Task directions: Exclude pictures; retype the lines below from the line containing "A new homelessness" through the end of the records, both ends kept.

::::::::::

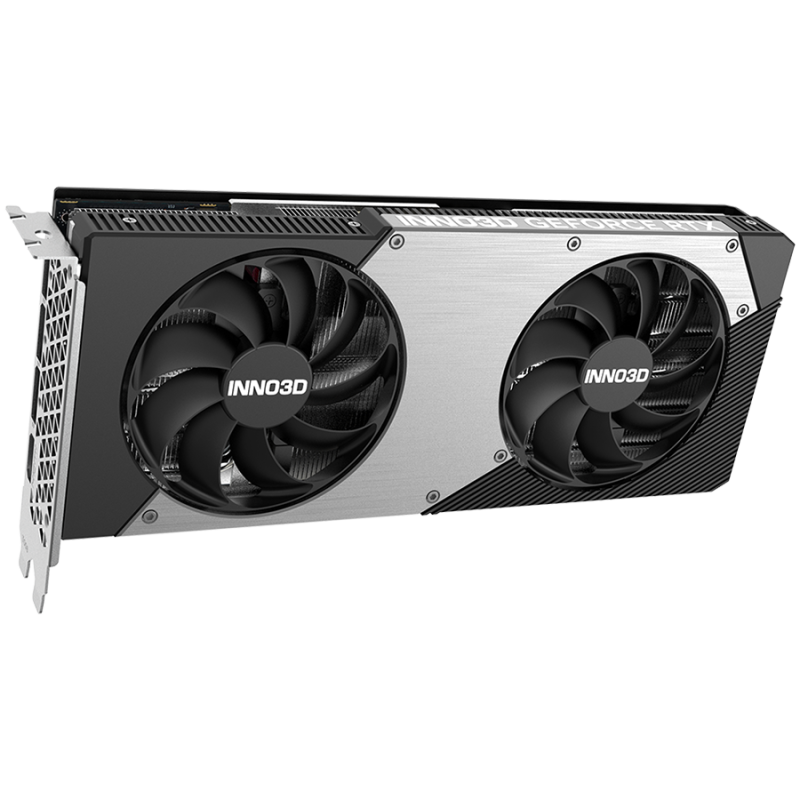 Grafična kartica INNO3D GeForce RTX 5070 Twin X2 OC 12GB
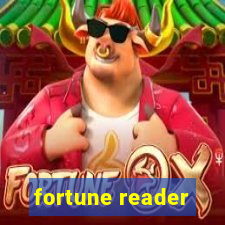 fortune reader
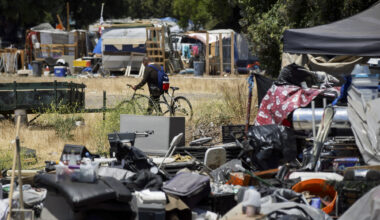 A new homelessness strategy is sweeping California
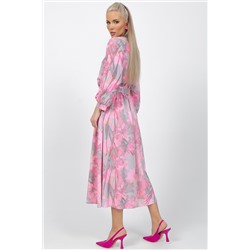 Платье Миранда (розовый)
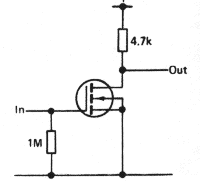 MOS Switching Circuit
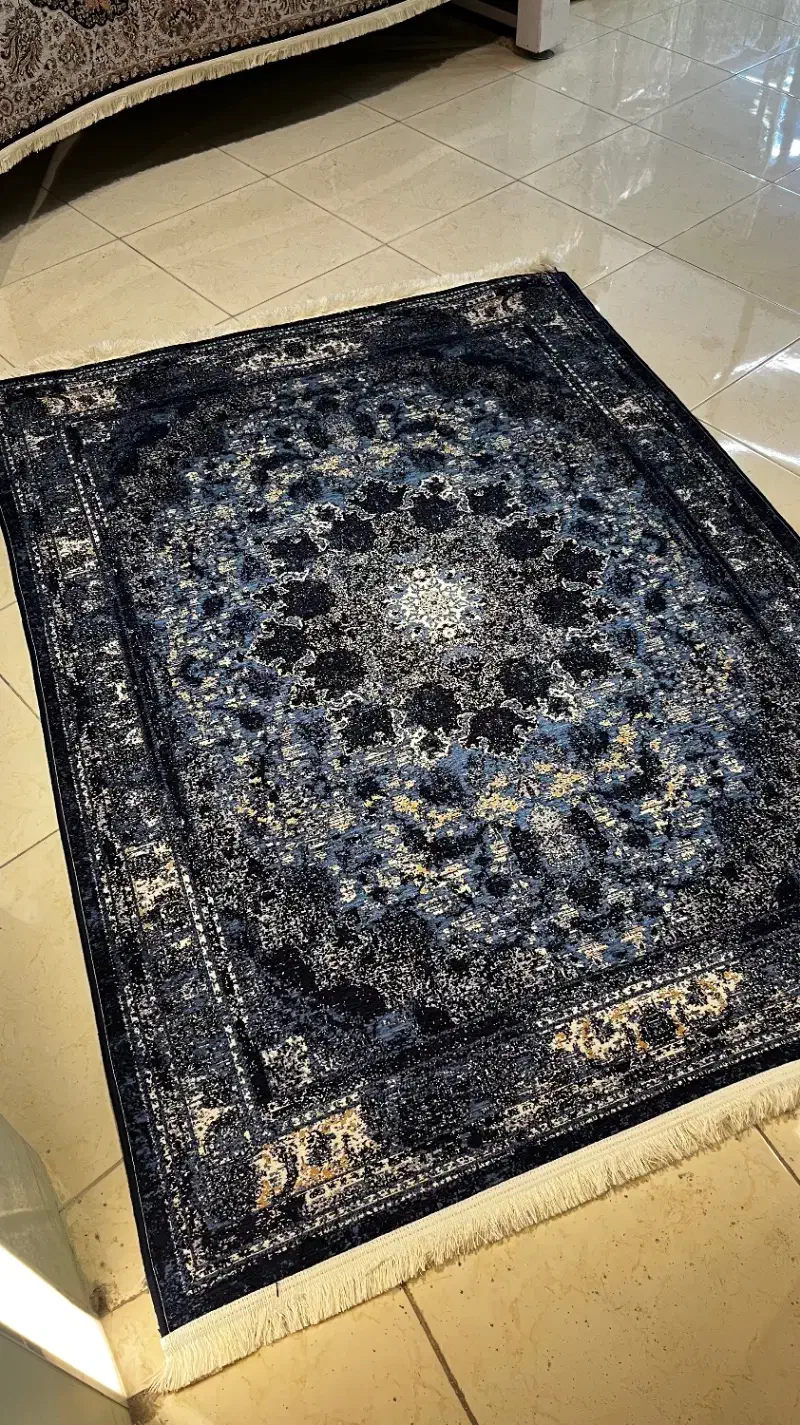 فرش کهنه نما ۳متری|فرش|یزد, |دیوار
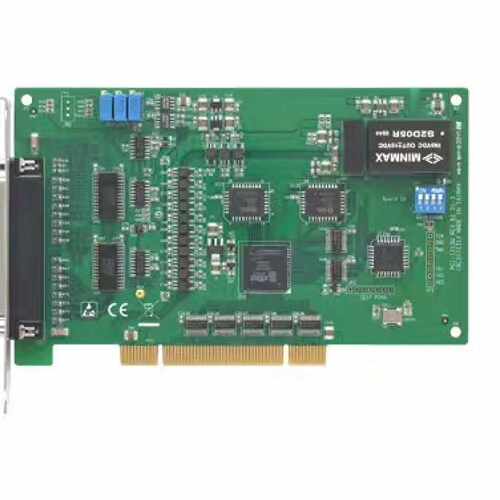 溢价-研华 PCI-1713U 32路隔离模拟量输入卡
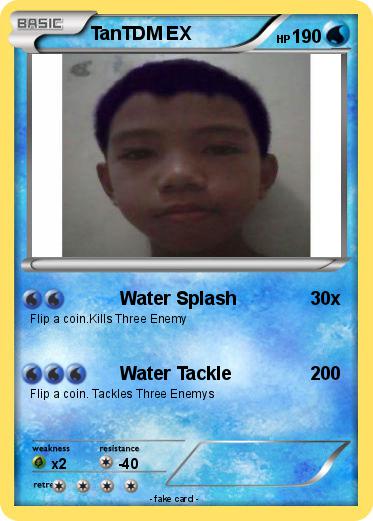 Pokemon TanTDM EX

::::::::::

Written solution:
 A new homelessness strategy is sweeping California
 Платье Миранда (розовый)
 MOS Switching Circuit
 فرش کهنه نما ۳متری|فرش|یزد, |دیوار
 溢价-研华 PCI-1713U 32路隔离模拟量输入卡
 Pokemon TanTDM EX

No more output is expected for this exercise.